Ingrid wasn’t at that show, but when we saw him at The Pageant this October it was a full tilt family rumble, with Ingrid blowing harp and singing, Charles II on guitar, and Charles III doing the scoot and playing his own Stratocaster a little further down. Chuck’s wife Themeta was seated to my right with a host of other people I took to be family, and there cute girls dancing up front who might have been Berrys, too (or maybe fans of CBIII!). At that show there was a moment when Chuck Berry mouthed the words “I love you” to Ingrid, and instructed CBIII on the art of scooting. At the next he showed his incredible pride in CBII during a solo.

And of course, there are so many other examples. The scene with his dad in “Hail! Hail!” The pictures with his brother and nephew that recently surfaced. The songs themselves, with their mothers, and fathers and children: “Memphis, Tennessee,” “Dear Dad,” “Bye Bye Johnny,” “Ingo,” “Johnny B. Goode.”
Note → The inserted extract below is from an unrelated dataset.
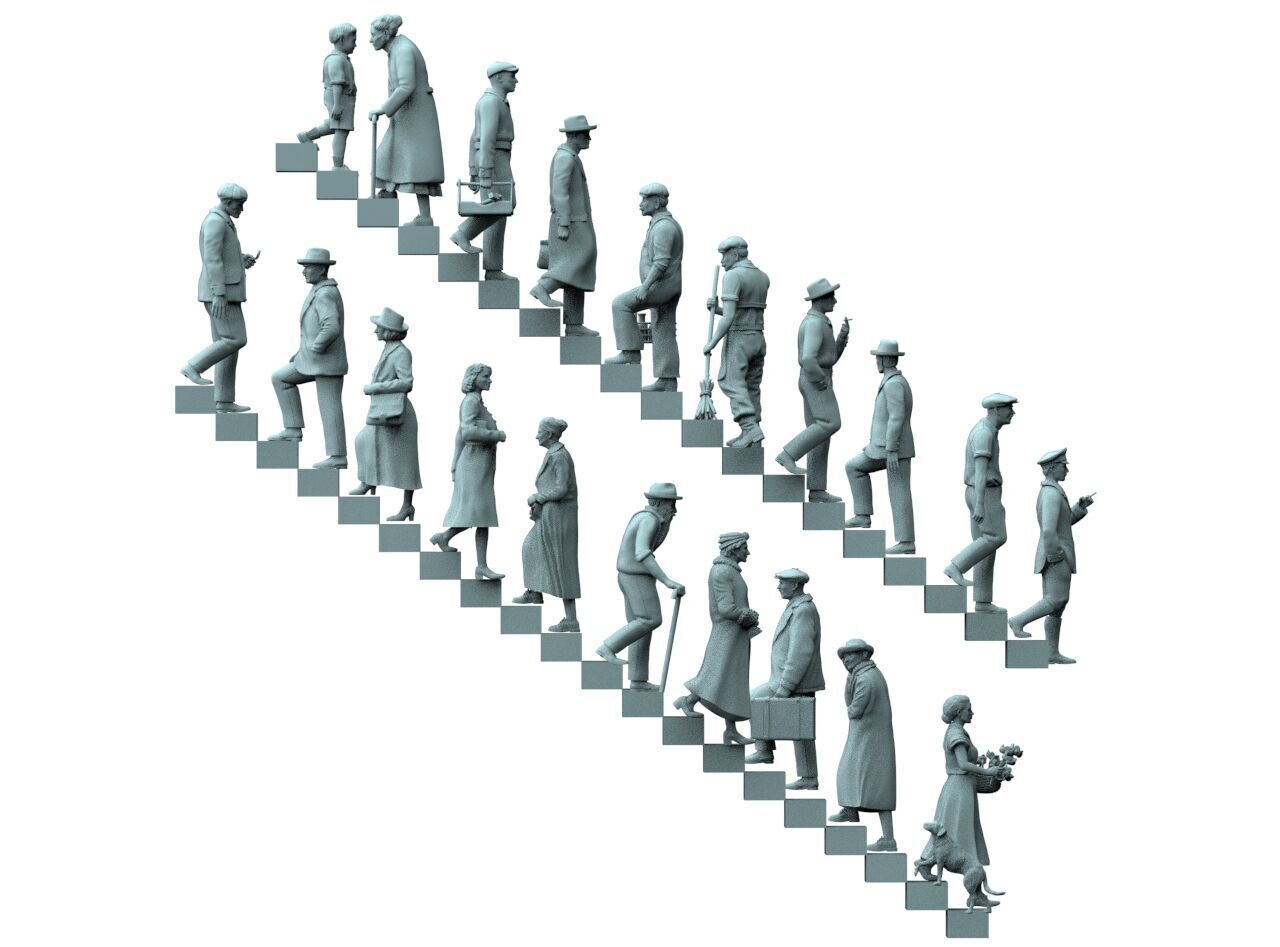 Retro People on the Stairs 3D print model_10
He once said he didn’t write love songs—but he does.

So, not such a bad choice for a 14 year old to make, searching for someone to symbolically take the place of a dad who was slipping away. I was smarter than I knew.

As for the real one? I keep him by my side. And maybe someday, I’ll get lucky, go backstage, and meet him again, for the first time.

1 comment:

Anonymous said...

A Keeper.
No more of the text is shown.